Exercise requirements »
Of the entries below, restate word for word only the section that runs from the line with "東光信鴿協(xié)會最新通告，小巷深處的獨特風味揭秘與信鴿活動更新通知" to the line with "Tercer encierro del", counting both ends.

Recorded data »
##########
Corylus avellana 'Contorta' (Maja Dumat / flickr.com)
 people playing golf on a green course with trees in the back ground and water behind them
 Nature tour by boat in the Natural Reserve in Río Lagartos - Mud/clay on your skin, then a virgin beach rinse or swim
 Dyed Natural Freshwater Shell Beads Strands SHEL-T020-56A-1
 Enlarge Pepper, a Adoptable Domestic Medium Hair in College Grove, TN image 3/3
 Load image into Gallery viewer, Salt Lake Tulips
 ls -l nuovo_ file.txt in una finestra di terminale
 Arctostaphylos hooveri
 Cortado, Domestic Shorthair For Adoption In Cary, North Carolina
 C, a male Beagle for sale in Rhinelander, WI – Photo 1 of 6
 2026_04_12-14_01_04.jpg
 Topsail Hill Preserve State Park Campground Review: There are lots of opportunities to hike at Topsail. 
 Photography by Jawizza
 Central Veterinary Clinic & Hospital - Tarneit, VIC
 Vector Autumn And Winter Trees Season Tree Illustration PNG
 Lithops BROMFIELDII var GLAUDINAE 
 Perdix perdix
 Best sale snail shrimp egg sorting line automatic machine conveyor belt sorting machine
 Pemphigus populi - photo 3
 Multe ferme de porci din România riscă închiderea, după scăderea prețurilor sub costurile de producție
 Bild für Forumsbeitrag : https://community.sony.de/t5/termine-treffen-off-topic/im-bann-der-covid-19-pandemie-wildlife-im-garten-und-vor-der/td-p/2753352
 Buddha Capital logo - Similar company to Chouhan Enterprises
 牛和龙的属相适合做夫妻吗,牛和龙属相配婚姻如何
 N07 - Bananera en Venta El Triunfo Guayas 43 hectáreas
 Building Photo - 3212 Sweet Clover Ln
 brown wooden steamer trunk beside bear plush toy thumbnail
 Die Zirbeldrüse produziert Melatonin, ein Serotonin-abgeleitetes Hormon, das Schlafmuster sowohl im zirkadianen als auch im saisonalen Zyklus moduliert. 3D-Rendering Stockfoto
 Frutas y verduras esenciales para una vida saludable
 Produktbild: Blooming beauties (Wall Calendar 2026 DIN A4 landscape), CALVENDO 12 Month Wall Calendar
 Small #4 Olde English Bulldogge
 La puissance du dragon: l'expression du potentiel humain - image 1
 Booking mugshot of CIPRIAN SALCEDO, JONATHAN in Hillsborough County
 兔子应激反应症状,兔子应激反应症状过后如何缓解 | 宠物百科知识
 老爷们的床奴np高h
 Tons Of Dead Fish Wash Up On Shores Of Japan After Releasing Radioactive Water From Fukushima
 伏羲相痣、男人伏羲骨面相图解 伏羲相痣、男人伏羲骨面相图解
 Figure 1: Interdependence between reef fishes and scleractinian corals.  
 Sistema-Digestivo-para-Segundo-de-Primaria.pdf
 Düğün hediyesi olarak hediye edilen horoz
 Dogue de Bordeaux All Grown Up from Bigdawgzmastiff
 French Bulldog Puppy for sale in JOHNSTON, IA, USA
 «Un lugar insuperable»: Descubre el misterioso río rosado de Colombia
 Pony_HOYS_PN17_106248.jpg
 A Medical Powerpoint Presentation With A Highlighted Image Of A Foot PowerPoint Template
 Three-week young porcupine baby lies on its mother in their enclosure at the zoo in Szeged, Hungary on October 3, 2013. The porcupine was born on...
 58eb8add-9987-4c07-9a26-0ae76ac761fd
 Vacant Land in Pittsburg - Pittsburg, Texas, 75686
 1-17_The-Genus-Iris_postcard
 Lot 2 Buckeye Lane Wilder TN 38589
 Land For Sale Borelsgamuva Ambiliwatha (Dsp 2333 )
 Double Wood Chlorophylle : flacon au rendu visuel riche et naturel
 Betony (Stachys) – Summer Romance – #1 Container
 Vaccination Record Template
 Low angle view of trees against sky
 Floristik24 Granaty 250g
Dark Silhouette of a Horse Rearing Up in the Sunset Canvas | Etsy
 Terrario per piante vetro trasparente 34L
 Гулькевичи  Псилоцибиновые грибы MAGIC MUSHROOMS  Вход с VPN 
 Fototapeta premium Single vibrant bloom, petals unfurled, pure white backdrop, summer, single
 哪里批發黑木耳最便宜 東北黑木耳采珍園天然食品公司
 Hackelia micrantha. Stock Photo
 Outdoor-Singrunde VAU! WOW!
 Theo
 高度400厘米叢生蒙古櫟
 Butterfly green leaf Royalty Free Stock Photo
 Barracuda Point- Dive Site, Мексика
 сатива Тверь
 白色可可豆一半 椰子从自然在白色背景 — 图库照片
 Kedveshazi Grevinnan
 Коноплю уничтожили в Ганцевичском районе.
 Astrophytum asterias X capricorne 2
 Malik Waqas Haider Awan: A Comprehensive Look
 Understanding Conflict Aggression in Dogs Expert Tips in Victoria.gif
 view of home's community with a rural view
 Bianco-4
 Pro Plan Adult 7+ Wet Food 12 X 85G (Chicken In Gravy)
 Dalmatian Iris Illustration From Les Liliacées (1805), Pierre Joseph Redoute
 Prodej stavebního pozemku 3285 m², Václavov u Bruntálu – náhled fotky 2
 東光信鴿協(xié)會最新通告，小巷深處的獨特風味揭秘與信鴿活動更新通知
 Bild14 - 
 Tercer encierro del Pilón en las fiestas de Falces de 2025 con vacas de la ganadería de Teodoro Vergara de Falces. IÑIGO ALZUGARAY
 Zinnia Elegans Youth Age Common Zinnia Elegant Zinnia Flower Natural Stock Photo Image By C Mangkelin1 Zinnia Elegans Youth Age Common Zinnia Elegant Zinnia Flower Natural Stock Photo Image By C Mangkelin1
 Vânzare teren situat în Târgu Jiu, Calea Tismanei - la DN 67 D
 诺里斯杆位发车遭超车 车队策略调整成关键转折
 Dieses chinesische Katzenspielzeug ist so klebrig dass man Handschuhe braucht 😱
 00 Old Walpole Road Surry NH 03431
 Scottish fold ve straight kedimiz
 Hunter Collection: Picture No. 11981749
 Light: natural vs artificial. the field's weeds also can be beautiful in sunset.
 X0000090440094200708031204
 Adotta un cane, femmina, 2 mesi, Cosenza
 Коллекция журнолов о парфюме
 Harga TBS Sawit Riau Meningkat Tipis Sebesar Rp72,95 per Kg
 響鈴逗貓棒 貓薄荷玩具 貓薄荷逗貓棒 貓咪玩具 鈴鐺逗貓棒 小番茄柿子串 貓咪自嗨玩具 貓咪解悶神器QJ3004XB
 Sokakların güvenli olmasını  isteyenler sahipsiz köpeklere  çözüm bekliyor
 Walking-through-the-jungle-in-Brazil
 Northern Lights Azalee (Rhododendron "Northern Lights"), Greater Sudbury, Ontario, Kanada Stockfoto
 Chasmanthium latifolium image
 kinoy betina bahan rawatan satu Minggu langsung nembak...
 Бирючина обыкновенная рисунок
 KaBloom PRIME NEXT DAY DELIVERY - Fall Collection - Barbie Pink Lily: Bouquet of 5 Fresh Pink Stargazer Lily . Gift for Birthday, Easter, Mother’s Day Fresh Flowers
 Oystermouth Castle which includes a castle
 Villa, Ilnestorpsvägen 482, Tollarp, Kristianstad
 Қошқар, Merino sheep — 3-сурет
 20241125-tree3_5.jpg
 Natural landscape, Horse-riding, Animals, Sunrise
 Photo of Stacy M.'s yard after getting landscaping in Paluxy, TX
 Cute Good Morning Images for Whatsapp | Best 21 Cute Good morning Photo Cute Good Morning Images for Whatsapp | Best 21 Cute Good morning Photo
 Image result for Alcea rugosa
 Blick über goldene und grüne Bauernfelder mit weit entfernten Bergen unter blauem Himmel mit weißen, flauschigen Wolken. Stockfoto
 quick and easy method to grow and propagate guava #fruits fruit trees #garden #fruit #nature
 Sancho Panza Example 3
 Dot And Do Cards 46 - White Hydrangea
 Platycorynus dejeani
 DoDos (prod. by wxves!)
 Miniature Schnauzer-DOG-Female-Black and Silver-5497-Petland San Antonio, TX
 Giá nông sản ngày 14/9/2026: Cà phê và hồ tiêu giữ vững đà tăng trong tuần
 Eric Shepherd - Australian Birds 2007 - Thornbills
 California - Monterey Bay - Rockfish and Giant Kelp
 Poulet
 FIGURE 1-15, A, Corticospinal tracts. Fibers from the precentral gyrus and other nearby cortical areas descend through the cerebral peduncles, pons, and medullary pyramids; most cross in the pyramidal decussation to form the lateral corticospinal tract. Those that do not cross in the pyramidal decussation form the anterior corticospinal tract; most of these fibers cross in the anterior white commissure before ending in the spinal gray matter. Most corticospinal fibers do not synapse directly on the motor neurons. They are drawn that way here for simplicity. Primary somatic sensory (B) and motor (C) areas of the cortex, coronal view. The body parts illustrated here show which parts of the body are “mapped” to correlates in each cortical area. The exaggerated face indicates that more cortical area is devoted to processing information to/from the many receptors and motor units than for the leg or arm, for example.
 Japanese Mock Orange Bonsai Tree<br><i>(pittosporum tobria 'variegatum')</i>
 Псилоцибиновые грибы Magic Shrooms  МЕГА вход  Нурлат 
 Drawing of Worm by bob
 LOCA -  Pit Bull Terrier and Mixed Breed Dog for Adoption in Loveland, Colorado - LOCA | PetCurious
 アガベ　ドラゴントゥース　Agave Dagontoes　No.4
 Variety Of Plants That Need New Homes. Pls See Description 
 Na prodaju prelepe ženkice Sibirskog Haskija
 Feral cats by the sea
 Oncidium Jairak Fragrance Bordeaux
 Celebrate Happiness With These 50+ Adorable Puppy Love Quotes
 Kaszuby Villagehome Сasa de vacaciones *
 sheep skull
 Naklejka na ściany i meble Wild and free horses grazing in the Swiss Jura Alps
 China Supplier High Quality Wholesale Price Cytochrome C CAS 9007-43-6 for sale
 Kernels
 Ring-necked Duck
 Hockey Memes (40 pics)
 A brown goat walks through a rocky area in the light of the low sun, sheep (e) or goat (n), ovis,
##########
Response »
 東光信鴿協(xié)會最新通告，小巷深處的獨特風味揭秘與信鴿活動更新通知
 Bild14 - 
 Tercer encierro del Pilón en las fiestas de Falces de 2025 con vacas de la ganadería de Teodoro Vergara de Falces. IÑIGO ALZUGARAY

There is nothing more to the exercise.